Problem description - After locating the line with "live from 2026-07-03" below, output it and each following line exactly, stopping after the line with "Bộ lưu điện (UPS) Cyber". No pictures.

Data for the task -
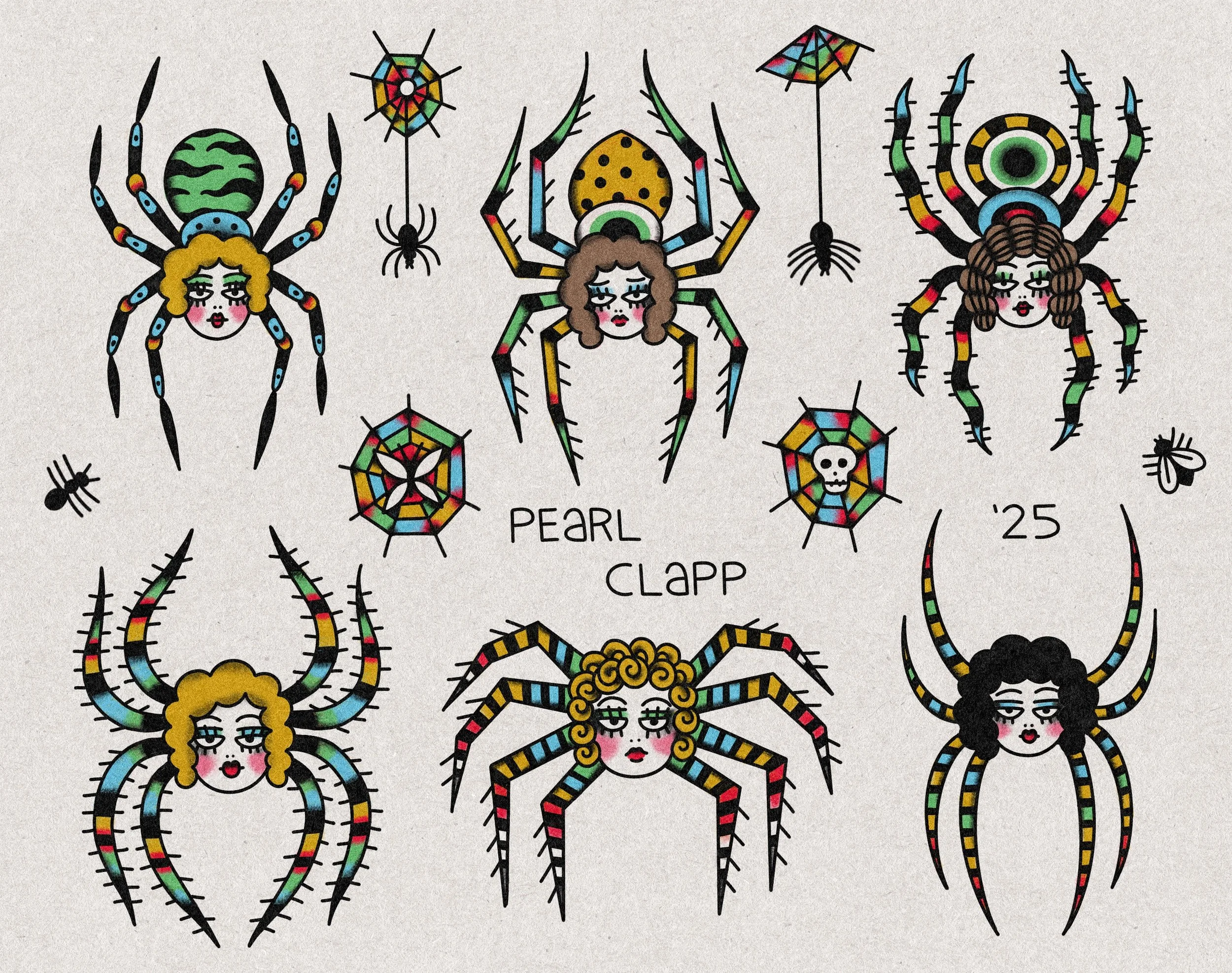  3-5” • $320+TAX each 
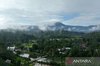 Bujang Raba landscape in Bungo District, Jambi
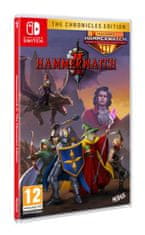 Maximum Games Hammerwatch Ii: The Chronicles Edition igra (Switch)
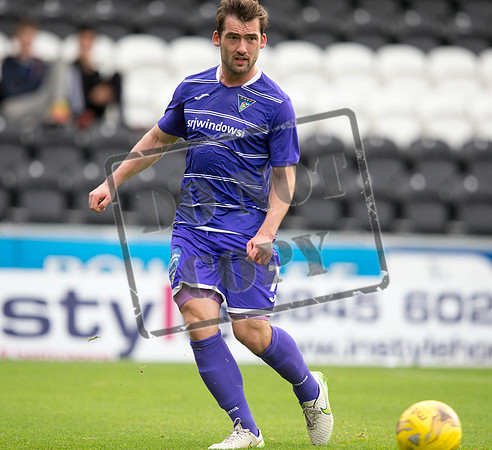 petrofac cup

--

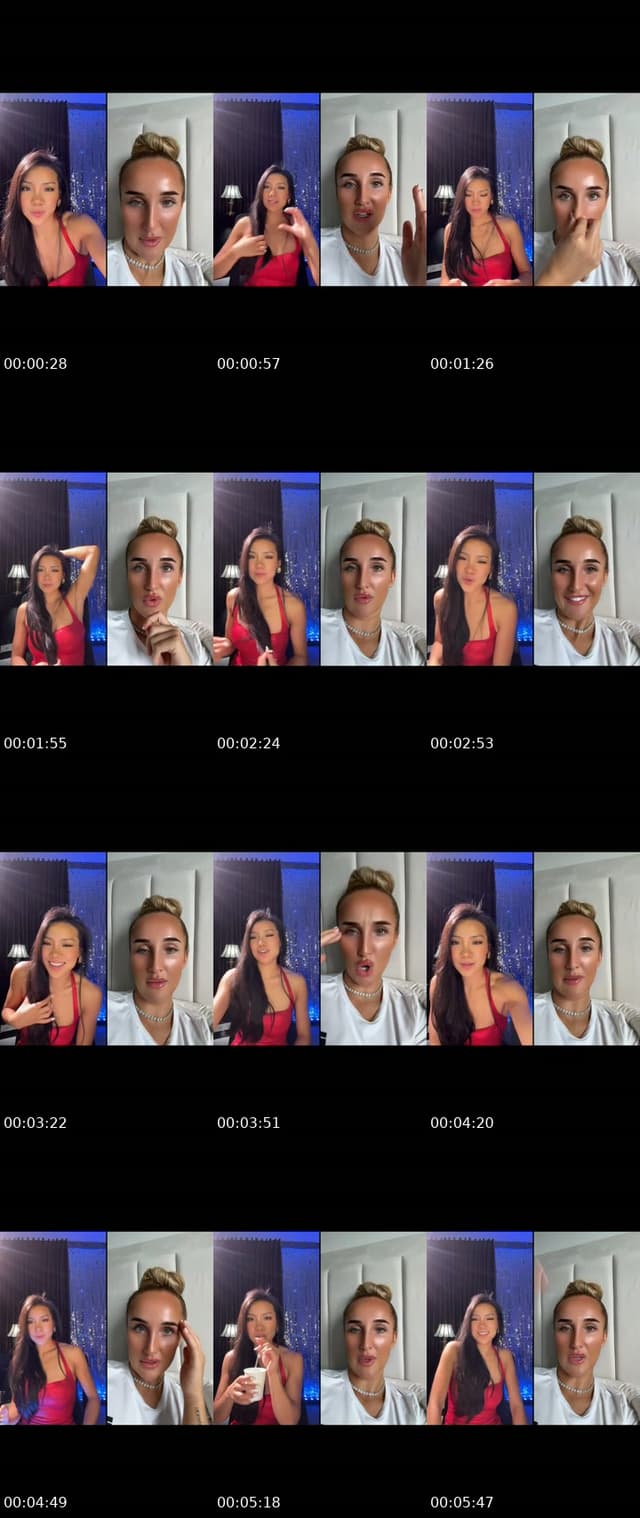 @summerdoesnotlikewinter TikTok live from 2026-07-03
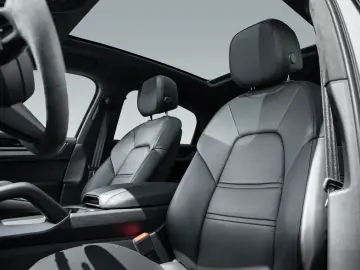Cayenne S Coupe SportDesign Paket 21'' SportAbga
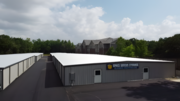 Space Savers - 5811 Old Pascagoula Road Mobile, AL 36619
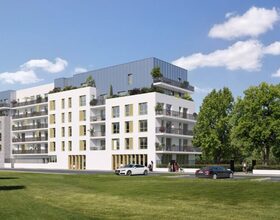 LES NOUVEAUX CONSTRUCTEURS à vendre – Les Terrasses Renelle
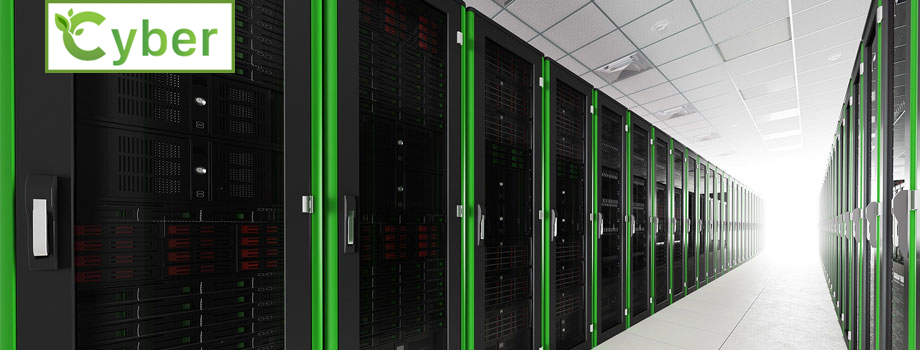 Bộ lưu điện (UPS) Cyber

Task output -
 @summerdoesnotlikewinter TikTok live from 2026-07-03
Cayenne S Coupe SportDesign Paket 21'' SportAbga
 Space Savers - 5811 Old Pascagoula Road Mobile, AL 36619
 LES NOUVEAUX CONSTRUCTEURS à vendre – Les Terrasses Renelle
 Bộ lưu điện (UPS) Cyber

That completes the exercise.